Even small changes in position can make a big difference in an image. Hiking to the top of Skägafoss the day before yesterday, I had some soft light that I thought would work well for long time exposures, creating detail shots at the top of the waterfall that juxtaposed the soft blurred water with textured, solid rock. I’ve included two relatively similar images from that hike here, which were taken only a couple paces from each other, but the change in perspective is significant. In one image the rock at the far side of the waterfall is visible and an important element. In the second, a a few seconds and a few paces later, that rock wall is shifted off the left side of the frame, resulting in a significantly more abstract image.
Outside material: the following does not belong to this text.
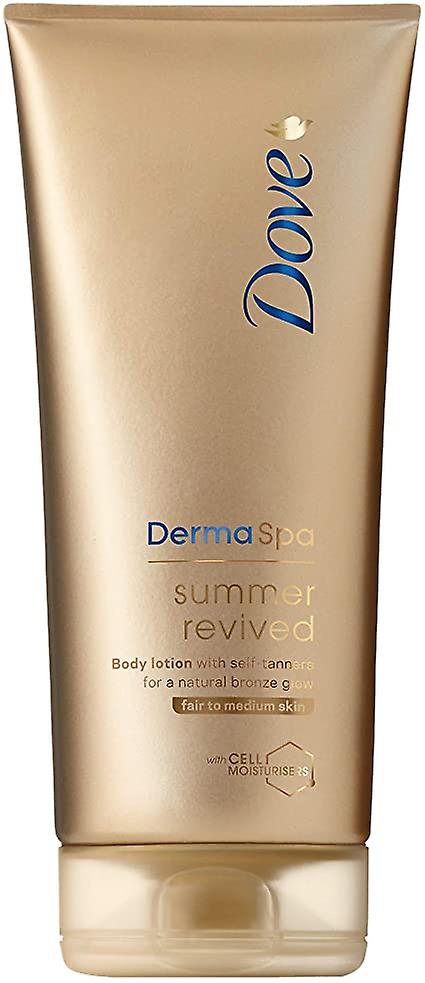 applying dove gradual tan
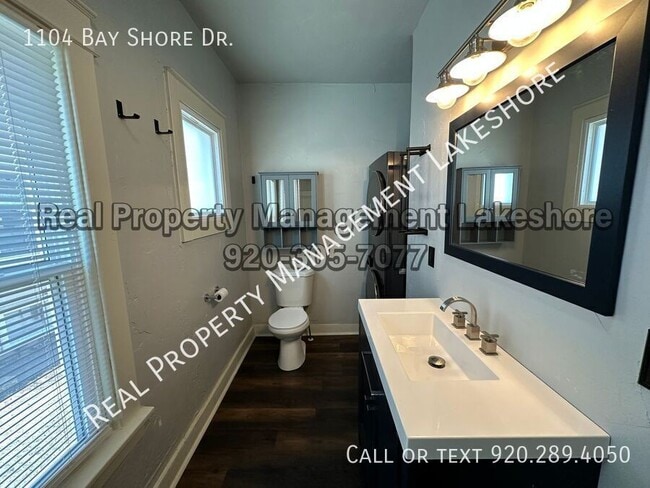 Building Photo - 1104 Bay Shore Dr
Sunset over Vestmannaeyjar
Sunset over Vestmannaeyjar. What a difference twenty kilometers makes!

At the other end of the scale, sometimes it’s possible to make use of much larger movements. Later that same evening, I noticed some interesting rays coming through the clouds in the distance, and several degrees to the side, the Westman Islands (Vestmannaeyjar)  at a similar scale.

I honestly wasn’t sure if this would work, that is, if the two were at different enough differences that I could change their relative perspective easily, but over the next few minutes it became clear that by driving (at about 90 kilometers per hour) back west that I could bring the two together. (The clouds were moving as well, but my own movement seemed to be a greater effect.) I was as surprised as anyone when the rays stuck around for the 15 minutes or so that I continued driving. The last few minutes I started looking for a workable foreground element. I eventually got several shots of the elements together, realizing an image that I had started composing perhaps 15 or 20 miles away.

And that’s the heart of the matter. Learning to see that “this is nice, but there’s probably even a better location over there” before you get there an essential photographic skill.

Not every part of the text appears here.